(Caption-style text data)

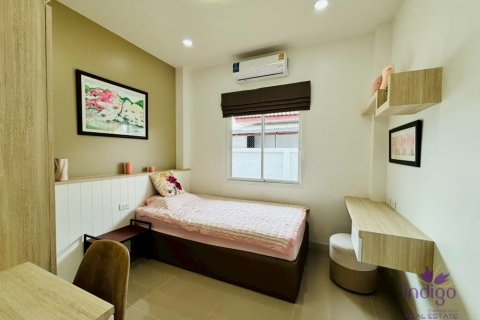 บ้านในสันกำแพง, ประเทศไทย 3 ห้องนอน № 205556 - รูปถ่าย 7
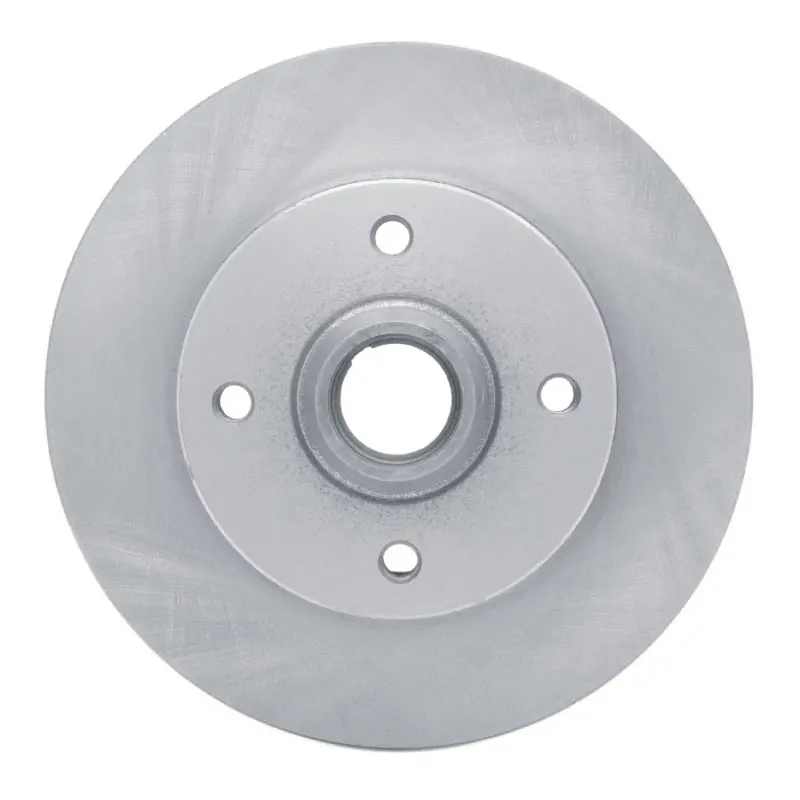 Dfc 85-02 Volkswagen Jetta Sedan Rear Brake Rotor 1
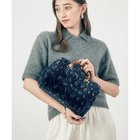 【レスポートサック アトリエ/LeSportsac Atelier】のMED BAMBOO BOSTON2/ミッドナイトレオパードファー 人気、トレンドファッション・服の通販 founy(ファニー) ファッション Fashion レディースファッション WOMEN コレクション Collection 軽量 Lightweight 財布 Wallet ニューヨーク New York フォルム Form ボストンバッグ Boston Bag モダン Modern ラップ Wrap レオパード Leopard おすすめ Recommend 旅行 Travel thumbnail ミッドナイトレオパードファー|ID: prp329100004167212 ipo3291000000028814270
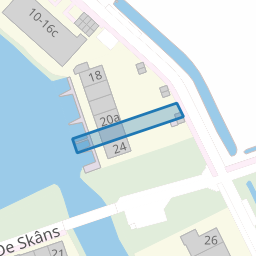 Perceel HZM00-G-5150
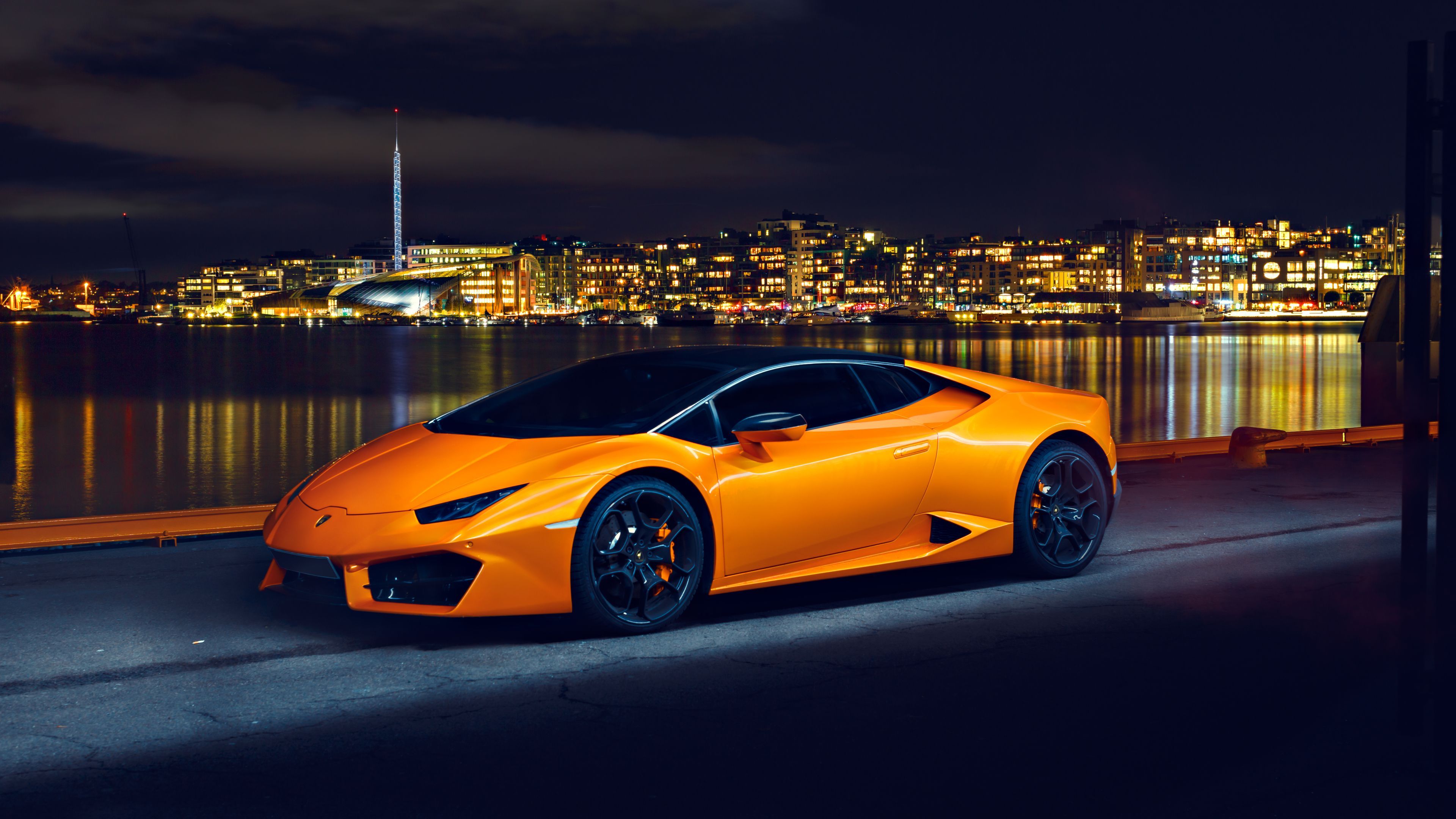 HD 4k Lamborghini Wallpapers - Wallpaper Cave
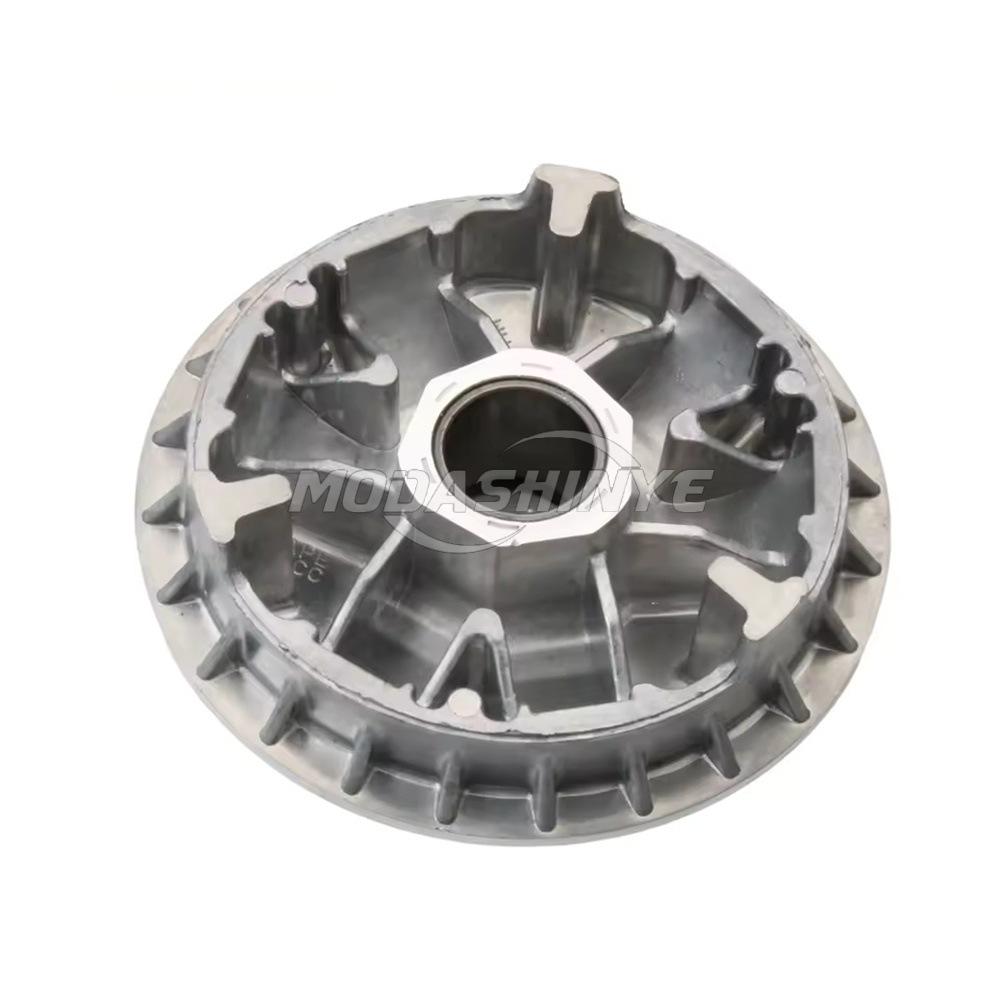 Front Variator Kit with 18g Weights for 2018 Honda ADV150/PCX 150cc V3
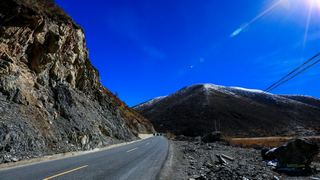 雅克夏雪山隧道 景点图 266_7
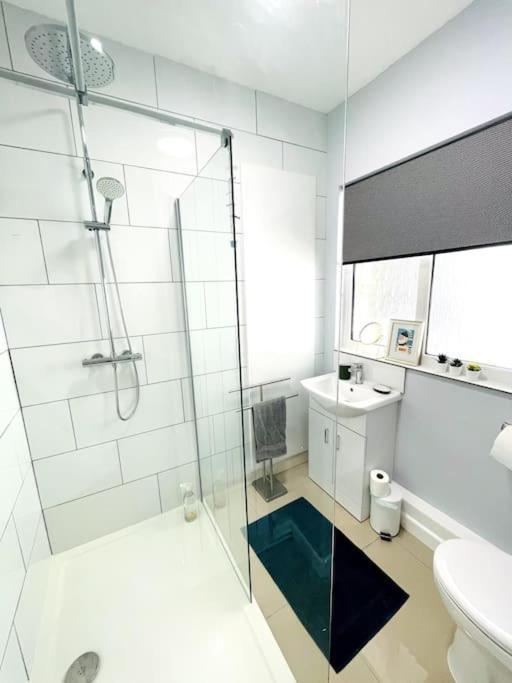 Rookley Villa, 3 Bedroom Family Apartment, Ventnor Exterior photo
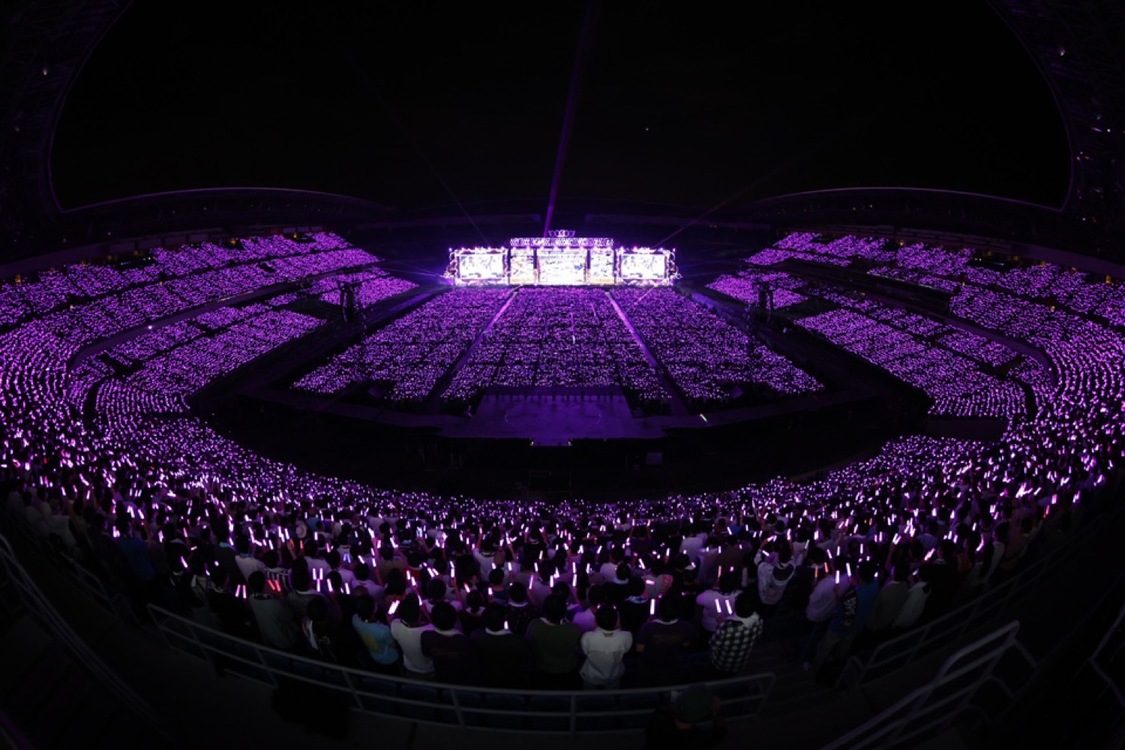 乃木坂46＜10th YEAR BIRTHDAY LIVE＞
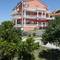 Отель Pension Antonia 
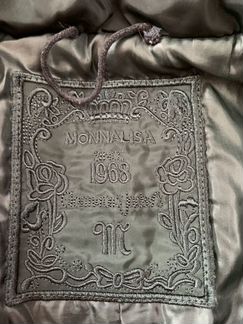 Пуховик Monnalisa 12 лет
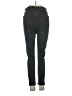 Topshop Chevron-herringbone Gray Jeggings Size 25 waist - photo 2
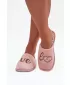 Damenhausschuhe VINCEZA 19960 ROSA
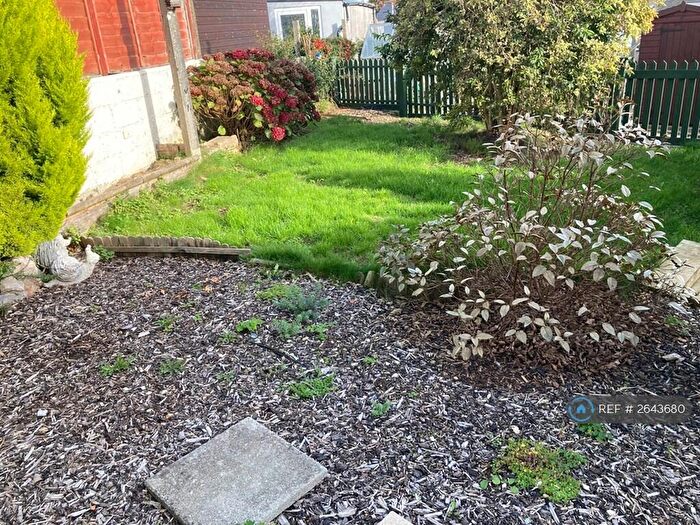 2 Bedroom Bungalow To Rent In Seacroft Road, Plymouth, PL5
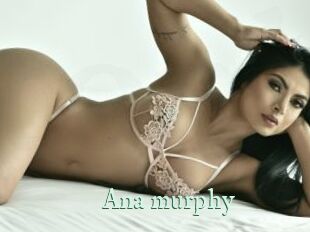 Ana_murphy Top Blog X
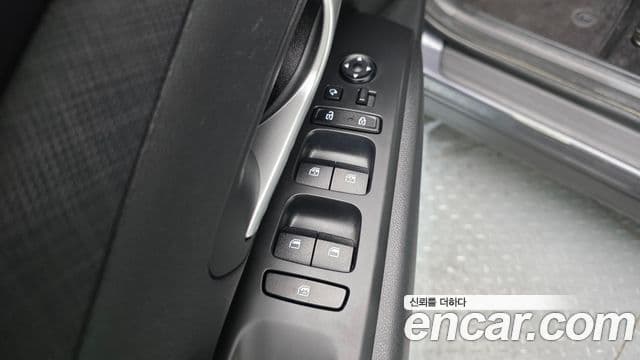 Hyundai Tucson (NX4) Premium, 2023 14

Task to carry out: Starting at the line that contains "Damenhausschuhe VINCEZA 19960 ROSA", write out every line through the final line of the entries, word for word; skip any pictures.

Written answer:
 Damenhausschuhe VINCEZA 19960 ROSA
 2 Bedroom Bungalow To Rent In Seacroft Road, Plymouth, PL5
 Ana_murphy Top Blog X
 Hyundai Tucson (NX4) Premium, 2023 14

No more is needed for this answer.